■ **What you have to do**
Please print exactly the lines from the line containing "He's going to" through the end of the data, no more, and keep pictures out of the copy.
★ ★ ★ ★
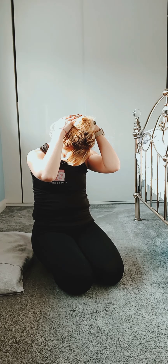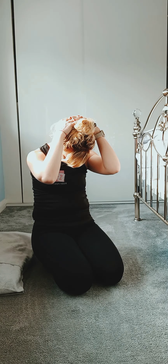Tilt your head left to right if you wish. Feel that stretch.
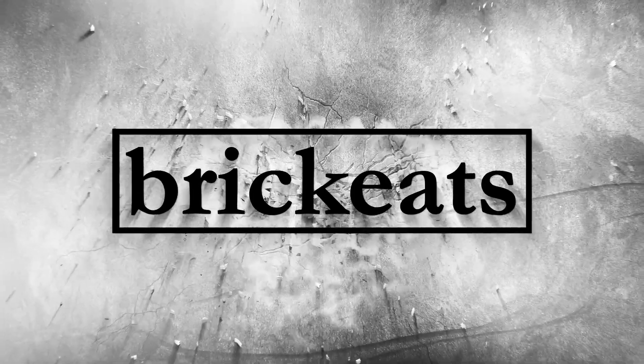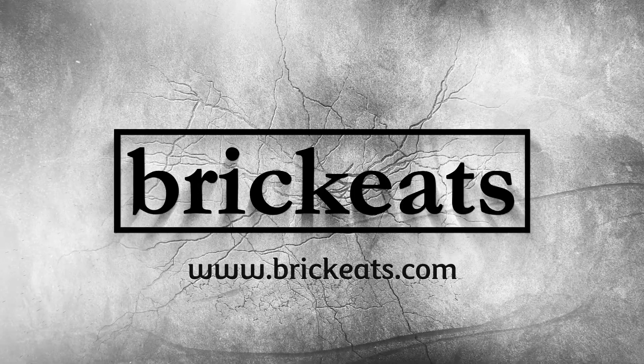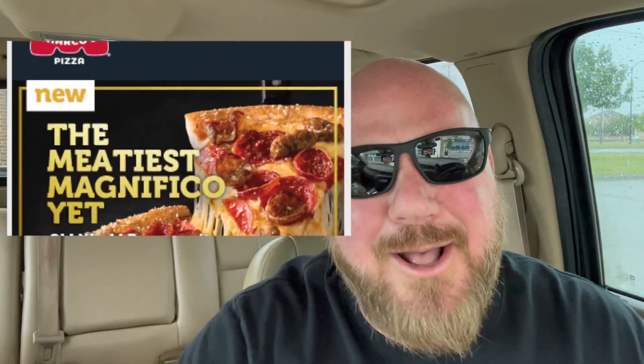Welcome back to Brick Eats, I'm your host Brian Brookman. Marco's Pizza, baby! They've got a whole new website and they even have instructions in the email on how to use the website.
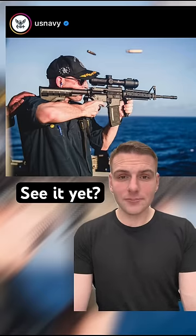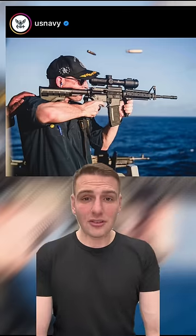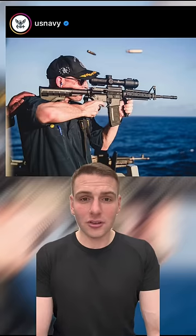Spot anything yet? Let's go through it. So let's start with the biggest offender. The scope is on backwards. Yes, your eyes are not deceiving you. They have attached the scope to the rifle the wrong way round.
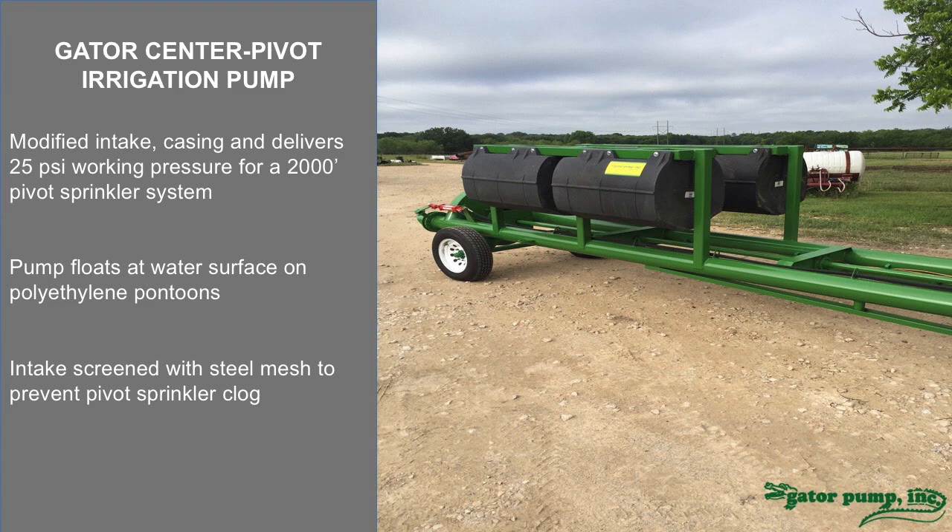This is a very flexible design and an easy way to get pump pressure to the system when a well is not available. In certain parts of the country or the world, as water levels drop and water tables drop, certain pumps aren't as efficient down the well anymore — they need a deeper well or access to deeper water. This takes care of that requirement if surface water is available.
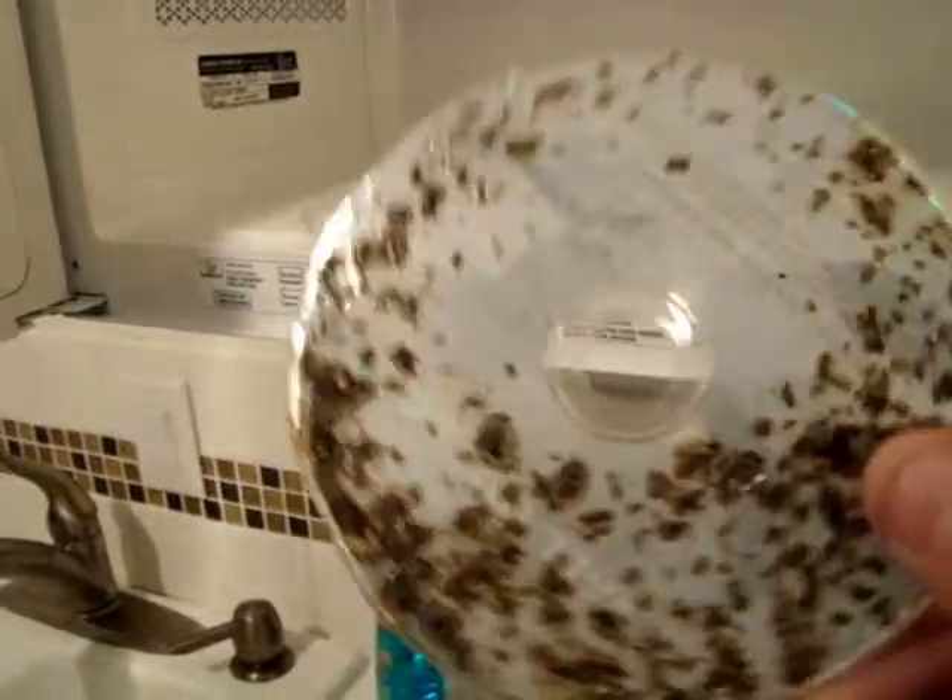Looks pretty cool, doesn't it? Now you can hang that sucker as a souvenir in your rearview mirror or wherever else you choose.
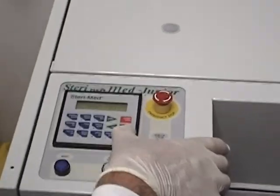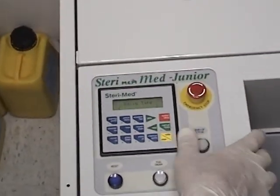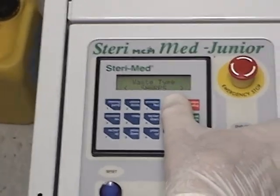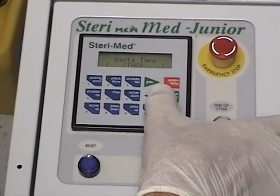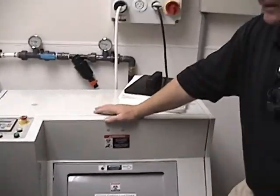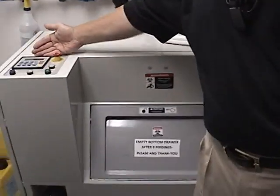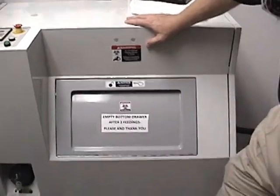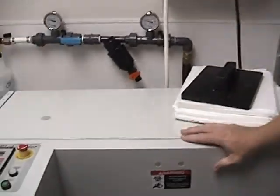He's going to select the waste type. He'll hit this, hit the start button, and then the machine asks: do you want to do sharps, a red bag, or other? It'll prompt him to confirm yes and then the thing starts filling, telling you throughout the cycle what it's doing. In a second it's going to start shredding — the blades are going to go into action and start chopping.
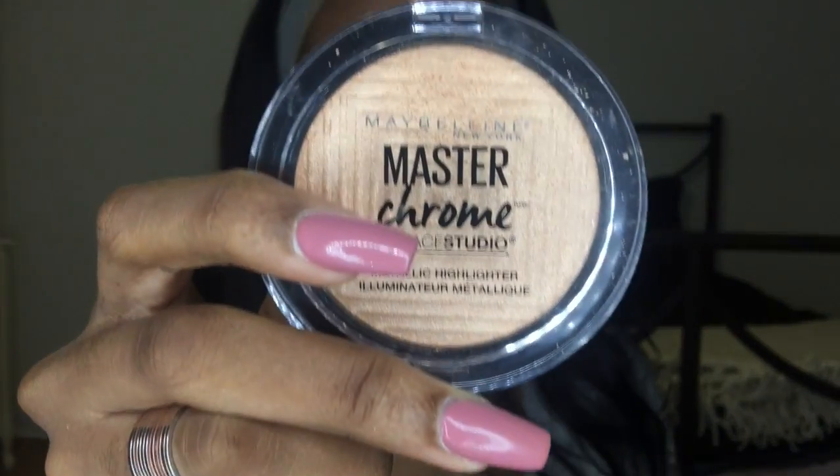Then I set my under eyes with the same powder I always use lately — it's really good, it fills in my pores and everything so my skin looks so smooth. Then we're gonna highlight: I use my Milani Master Chrome highlighter in Molten Gold. I highlighted my brow bone, my nose, and my cheeks, using a fan brush this time.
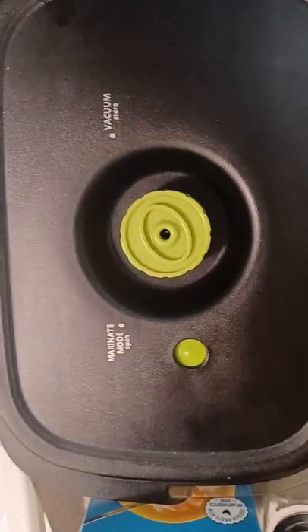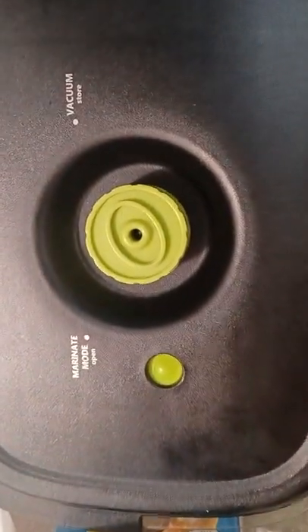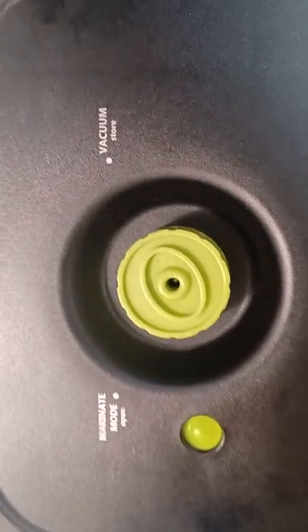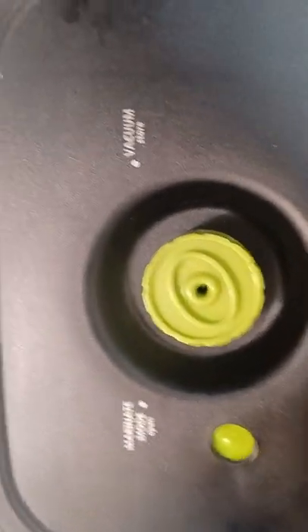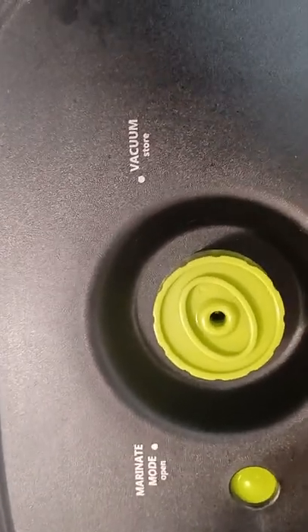Now some of you have asked, what is this? This is a Food Saver quick marinade container. So I got everything in here and it makes it marinate faster, cause it's gonna suck all the air out. So quick demonstration, very easy.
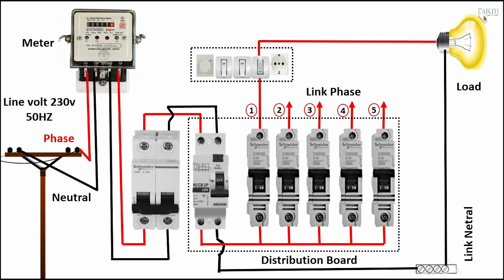Switch on — light on. Switch off — light off.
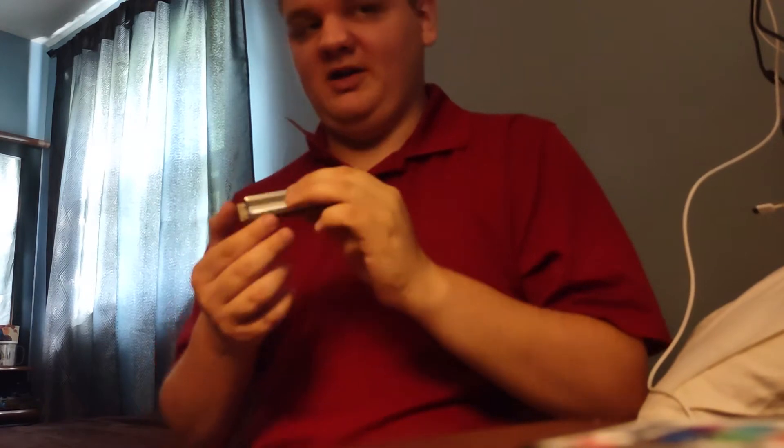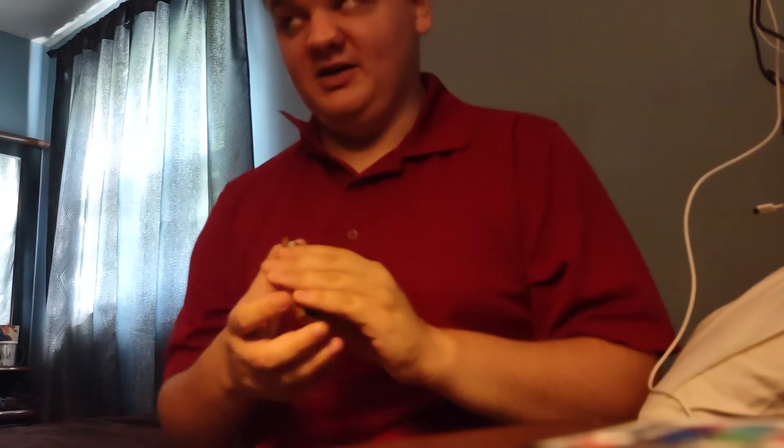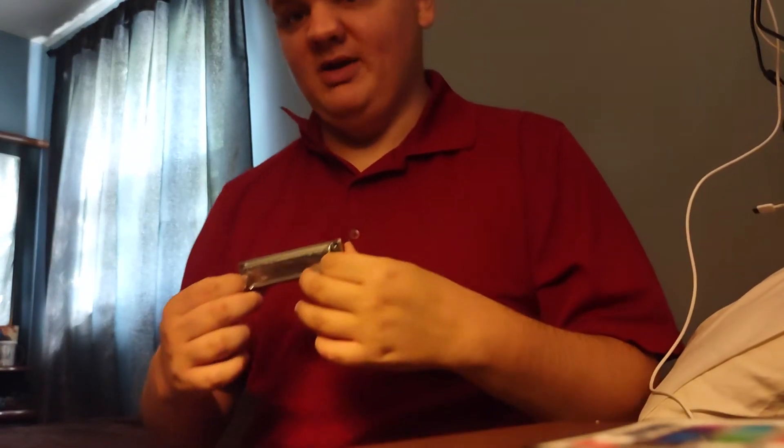A lot of people have liked my uncooked popcorn video, so I'm going to do some harmonica videos. I actually have six harmonicas and I'm going to be getting another one tomorrow. It's going to be the East Top brand, but this one I'm going to show you is the Hohner Marine Band, just to show you all that I do play the harmonica.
★ ★ ★ ★
■ **Result of this exercise**
He's going to select the waste type. He'll hit this, hit the start button, and then the machine asks: do you want to do sharps, a red bag, or other? It'll prompt him to confirm yes and then the thing starts filling, telling you throughout the cycle what it's doing. In a second it's going to start shredding — the blades are going to go into action and start chopping.
Then I set my under eyes with the same powder I always use lately — it's really good, it fills in my pores and everything so my skin looks so smooth. Then we're gonna highlight: I use my Milani Master Chrome highlighter in Molten Gold. I highlighted my brow bone, my nose, and my cheeks, using a fan brush this time.
Now some of you have asked, what is this? This is a Food Saver quick marinade container. So I got everything in here and it makes it marinate faster, cause it's gonna suck all the air out. So quick demonstration, very easy.
Switch on — light on. Switch off — light off.
A lot of people have liked my uncooked popcorn video, so I'm going to do some harmonica videos. I actually have six harmonicas and I'm going to be getting another one tomorrow. It's going to be the East Top brand, but this one I'm going to show you is the Hohner Marine Band, just to show you all that I do play the harmonica.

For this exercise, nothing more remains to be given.